MessageSujet: Re: Someone like you   Mar 25 Mar - 12:05

    Toujours dissimulée entre deux murs d'une ruelle sombre, je ne perdais pas une miette de la scène. Restant impassible, je me demandais qu'elles étaient les intentions de mon père. Je doutais franchement qu'il tue Connor maintenant. À mon avis, il allait plutôt attendre de savoir pourquoi est-ce qu'il était revenu. J'espérais que cela n'avait aucun rapport avec moi. Du moins, pas par rapport à mes actes. Peu après que Barton ait transplané, Connor avait effectivement réussit à se défaire de l'emprise de mon père. Je me mords légèrement et nerveusement la lèvre en contemplant le conflit qui venait de débuter. Mon ancien fiancé allant même jusqu'à insinuer qu'Edward était lui-même responsable de la mort de ma mère. Mon cœur se mit à battre alors rapidement, j'avais bien entendu, et mon père ne semblait pas dire le contraire. Mes yeux s'écarquillèrent. Non, impossible...ce n'était tout simplement pas possible. Pourquoi est-ce que mon père...Je me souvins alors d'une dispute entre mes parents, à laquelle j'avais assisté malgré moi, il y a quelques années lorsque j'étais rentrée de Poudlard pour les vacances de Noël. Mon père avait reproché à ma mère d'avoir eu d'un mauvais œil les actes qu'il avait commis avec d'autres anciens Mangemorts. Et ce jour-là mon père avait haussé la voix en menaçant ma mère de ne plus jamais parler de ce genre de choses. Mais il ne serait quand même pas allé jusqu'à la...tuer ? Non, je refusais d'y croire. Mais malheureusement je connaissais bien les réactions de mon père, et le Doloris qu'il jeta à Connor par la suite en dit long. Ne disait-on pas qu'il n'y a que la vérité qui blesse ? Ou, dans le cas d'Edward, le mette dans un état de rage pas possible. Bien que j'avais déjà vu mon père énervé, et il était encore bien loin de ce stade. Quoiqu'il en soit, j'avais finalement décidé d'intervenir. Je transplane alors rapidement non loin de Connor.

    « Ça suffit, père. Arrête. »

    Edward se retourne alors vers moi et cesse le sortilège de torture sur mon ancien fiancé, toujours au sol. Il me sourit narquoisement.

    Edward : « Oh, tiens...Syrina. Tu tombes bien. On dirait qu'il y a quelqu'un ici qui apprécierait ta présence, n'est-ce pas ? »

    Je soupire. Ce n'était pas pour sauver Connor que j'étais intervenue mais bien pour questionner mon père au sujet de cette conversation au sujet de la mort de ma mère.

    « Il ne s'agit pas de ça. J'ai entendu, sur... » Je serre les dents discrètement. Je me stoppe net. Je..Je n'avais pas le courage de lui demander.
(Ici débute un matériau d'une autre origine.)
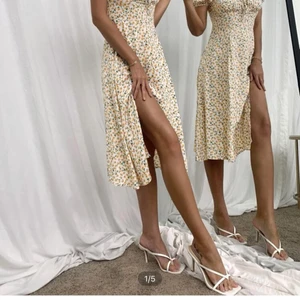 Klänning - Säljer denna fina klänning då den inte passa mig. Tänker 150 ikludive frakt. Aldrig använd utan endast testad. Storlek S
Je voulais la vérité, mais je ne voulais pas prendre le risque de l'énerver d'avantage. Pourtant, il le fallait. « Maman. C'est vrai que c'est toi qui l'as tuée ?.. »

    Mon père s'approche alors de moi, droit et fier comme une tour de cathédrale, d'une attitude impassible à en faire froid dans le dos. Je ne l'admettrais probablement jamais, mais mon père me faisait toujours peur. Surtout parce que je savais qu'il avait des réactions imprévisibles.

    Edward : « Ne te mêle pas de ça, ma fille. Ne laisse pas l'attachement et l'amour envahir ton cœur, ou tu redeviendras faible. Ce n'est pas ce que tu veux, n'est-ce pas ? »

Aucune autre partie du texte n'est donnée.